A Villeneuve-sur-Vère, à 10 km de Cagnac-les-Mines, le village où résidait le couple, un fourgon de gendarmerie barre l'accès à la zone des fouilles, au milieu de champs jaunis par la canicule, a constaté un journaliste de l'AFP.
Ces fouilles ont été déclenchées au lendemain d'une audition, mercredi, lors de laquelle "Cédric Jubillar a reconnu être à l'origine de la mort de Delphine Aussaguel et indiqué pouvoir orienter les enquêteurs pour localiser le corps", avait auparavant indiqué M. Jacquet, dans un communiqué.
Depuis plus de cinq ans et notamment pendant tout son procès très médiatisé devant les assises du Tarn, à l'issue duquel il a été condamné à 30 ans de réclusion en octobre, il avait toujours clamé son innocence.
- Instance de divorce -
Ses aveux ont été recueillis mercredi par la présidente de la cour d'assises de Haute-Garonne, juridiction devant laquelle M. Jubillar doit être jugé en appel à partir du 21 septembre.
Cédric Jubillar est présent sur le lieu des recherches, accompagné de ses avocats Pierre et Guy Debuisson, qui ont remplacé ces derniers mois Emmanuelle Franck et Alexandre Martin, ses défenseurs pendant quatre ans et demi.
Les recherches sont menées par les gendarmes de la section de recherche de Toulouse et des techniciens en investigation criminelle, sous l'autorité d'un juge d'instruction nommé par la présidente de la cour d'assises.
Delphine Jubillar, née Aussaguel, avait disparu mystérieusement du domicile du couple en instance de divorce dans la nuit du 15 au 16 décembre 2020, au tout début d'un couvre-feu lié à la pandémie de Covid-19.

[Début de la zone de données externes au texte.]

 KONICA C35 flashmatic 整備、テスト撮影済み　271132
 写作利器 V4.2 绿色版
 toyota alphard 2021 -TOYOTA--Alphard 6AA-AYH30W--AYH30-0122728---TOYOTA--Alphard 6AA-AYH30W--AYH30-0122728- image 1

Dans une affaire sans corps, ni aveux, ni preuve formelle, l'intime conviction de la cour en première instance s'était forgée grâce à un faisceau d'indices: le témoignage du fils aîné Louis, qui dit avoir vu ses parents se disputer le soir des faits, la géolocalisation du téléphone de Delphine, qui n'a jamais quitté la zone, et le véhicule du couple, déplacé pendant la nuit quand l'accusé était seul à en avoir les clés.
- "Besoin de parler" -
Le passage aux aveux de Cédric Jubillar est dû à "un besoin de parler", car il aurait jusque-là été "verrouillé par la pression médiatique" et "la pression très forte des enquêteurs", ainsi que fragilisé par la prise de médicaments et son régime carcéral à l'isolement, avait déclaré lors d'une conférence de presse le 6 juillet Me Pierre Debuisson.

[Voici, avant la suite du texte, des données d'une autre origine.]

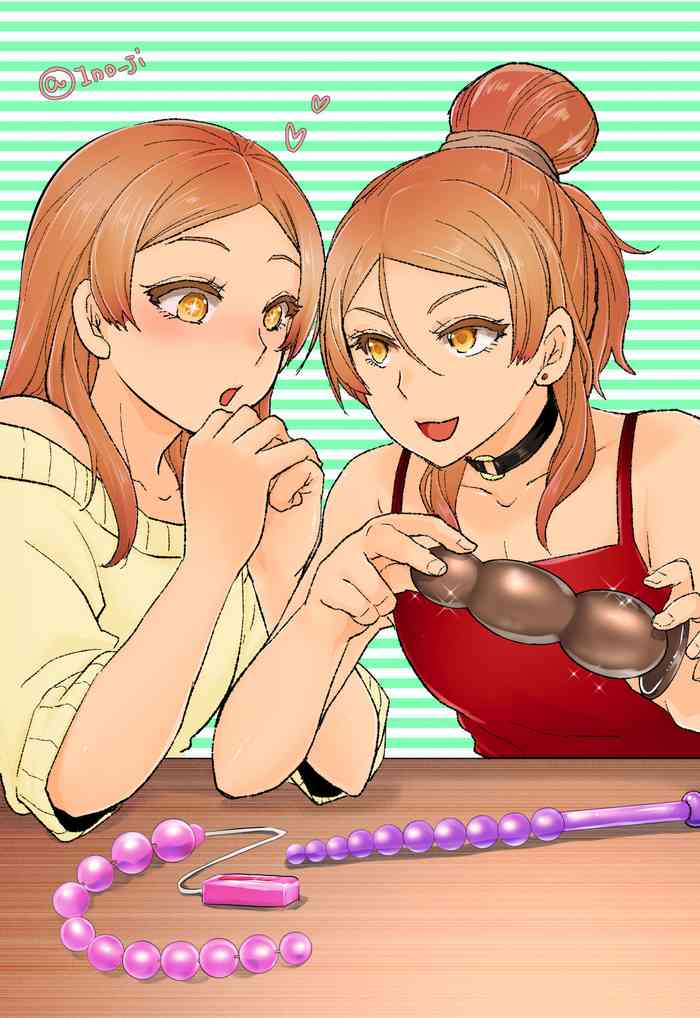 [いちのみるく (1no_ji)] 姫宮先輩シリーズ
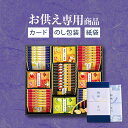 【高評価★4.36】【お供え専用】金澤兼六製菓 兼六の華 KRN-30R 食べ物 お菓子 和菓子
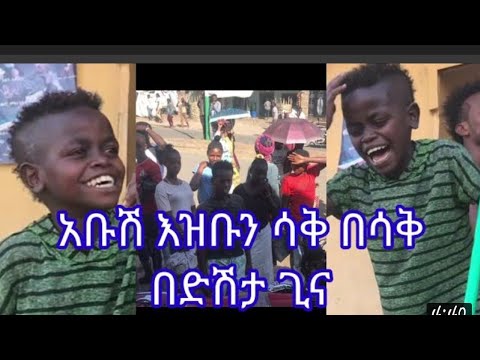 Ethiopia TARIKU GANKISI | DISHTA GINA AMAZING YOUNG BOY 2021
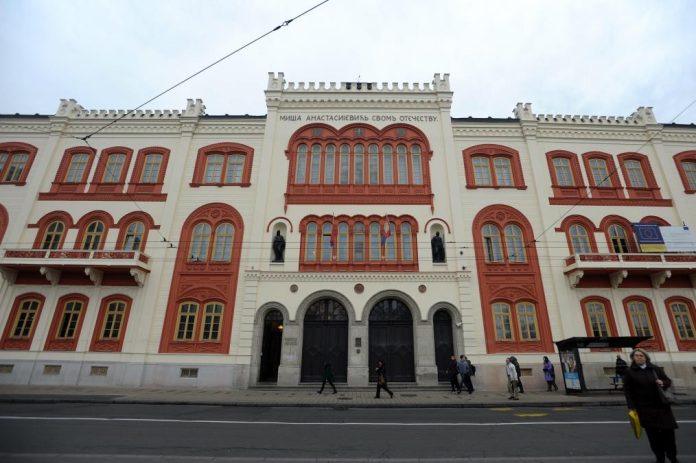 poskupele-skolarine-na-7-fakulteta-univerziteta-u-beogradu:-na-jednom-godina-cak-300.000-dinara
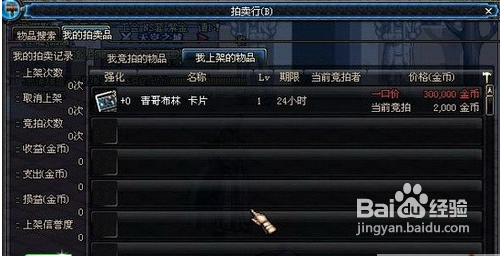 dnf第三季赚钱攻略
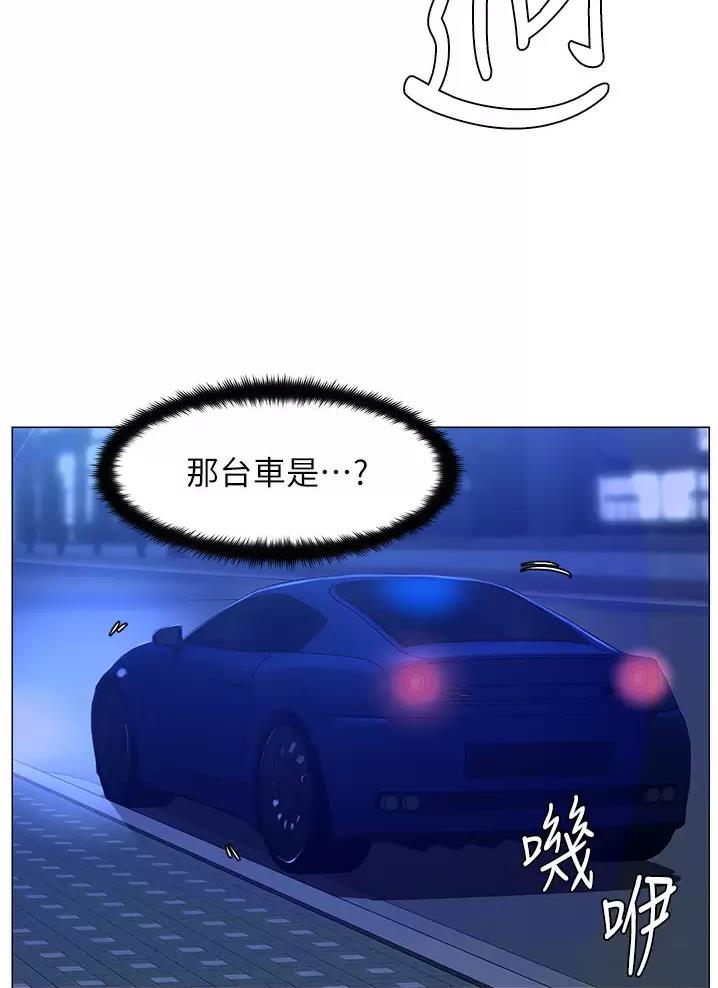 网红邻居漫画,第116话2图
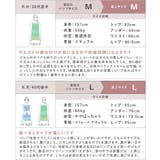 腹巻付きステテコパンツ ルームウェア 腹巻き付き | tu-hacci | 詳細画像30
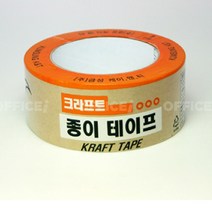크라프트 종이테이프 48mmX40m 친환경제품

Me Guy Debuisson, l'associé et père de Pierre Debuisson, avait pour sa part assuré à BFMTV que Jubillar n'avait "jamais eu l'intention de tuer son épouse", ce qui laisse entendre que sa défense va contester la notion d'homicide pour privilégier celle de coups mortels dans la mort de Delphine Jubillar.
Dans le courrier transmis à Me Debuisson, Cédric Jubillar évoque une dispute sans en indiquer les circonstances.
Ses avocats ont par ailleurs jugé "impossible" que son procès en appel puisse se tenir comme prévu, à partir du 21 septembre, à Toulouse.
Incarcéré à la maison d'arrêt de Seysses, près de Toulouse, Cédric Jubillar s'est en outre vu retirer en décembre l'autorité parentale sur ses deux enfants, Louis et Elyah, âgés de 11 et six ans et confiés à leur tante maternelle.